Seattle International Foundation’s Central America & Mexico Youth Fund (The CAMY Fund)
The CAMY Fund works to address and prevent child marriage and early unions in Latin America and the Caribbean through a multipronged approach that includes advocacy, convening, grant making, and research. The CAMY Fund is a leading actor on the issue in the region, and tirelessly promotes keeping girls and young women at the center of the discussions that affect them directly, and consciousness of the cultural, social and political context that makes the practice of child marriage manifest in this diverse region with large impoverished, rural and indigenous communities. The CAMY Fund is a program of the Seattle International Foundation, and its child marriage initiative receives funding support from the Ford Foundation, Novo Foundation and Summit Foundation. Read more here: http://unionestempranas.org/en/lac-initiative/
UNICEF
750 million girls and women today were married before their 18th birthday. This practice is a fundamental violation of human rights and causes girls to lose valuable economic, educational, and social opportunities. If current trends continue, the number of girls and women married as children will reach nearly one billion before 2030. UNICEF works with governments to sustainably address the root causes of child marriage by strengthening systems and working to end harmful behavioral practices.

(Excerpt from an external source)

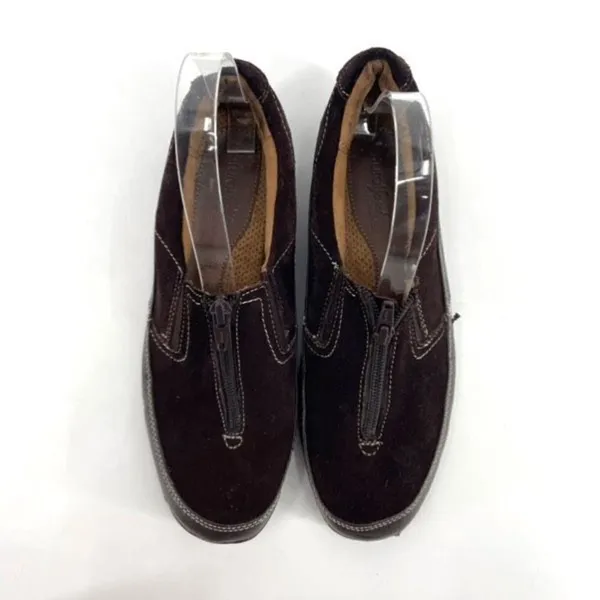 Natural Soul Naturalizer 7.5 Ferva Loafers Brown‎ Suede Leather Zip up Flats - Image 2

In 2015, the global community made a strong commitment to ending this problem by endorsing UN SDG 5.3, which aims to “eliminate all harmful practices, such as child, early and forced marriages and female genital mutilation.” This target has the power to influence a number of other goals on the agenda, including those around clean water, poverty, nutrition, health, education, economic grown and the reduction of inequality.
World Concern
World Concern is a Christian global relief and development organization that partners with isolated and impoverished communities beyond the end of the road to give them access to clean water, sustainable food options, healthcare, education, and other necessities of life. By first listening to leaders within a community, World Concern helps it determine primary needs and goals, empowering families to own the work, which brings transformation that lasts. One of the vital aspects of World Concern’s work is the effort to change cultural norms regarding child marriage. By providing scholarships for girls to attend school and building awareness of the dangers of child marriage in communities, World Concern is helping young women gain a brighter future. This breaks the cycle of poverty within a family and benefits the entire community. World Concern operates transformational community development programs in Haiti, Kenya, South Sudan, Somalia, Chad, Uganda, DRC, Sri Lanka, Nepal, Bangladesh, Laos, Myanmar, Vietnam, Yemen, and Syria.
World Justice Project
The World Justice Project is an independent, multidisciplinary organization working to advance the rule of law around the world. Effective rule of law reduces corruption, combats poverty and disease, and protects people from injustices large and small. It is the foundation for communities of justice, opportunity, and peace—underpinning development, accountable government, and respect for fundamental rights. In recent years, significant strides have been made in advancing legislation to prevent child marriage. Trinidad and Tobago, Guatemala, and El Salvador have all amended a number of marriage acts and loopholes that had outlawed underage marriage. Malawi—a country that consistently ranks among the world’s top twenty nations with the highest prevalence of child marriage—removed a provision that permitted child marriage if the parents consented.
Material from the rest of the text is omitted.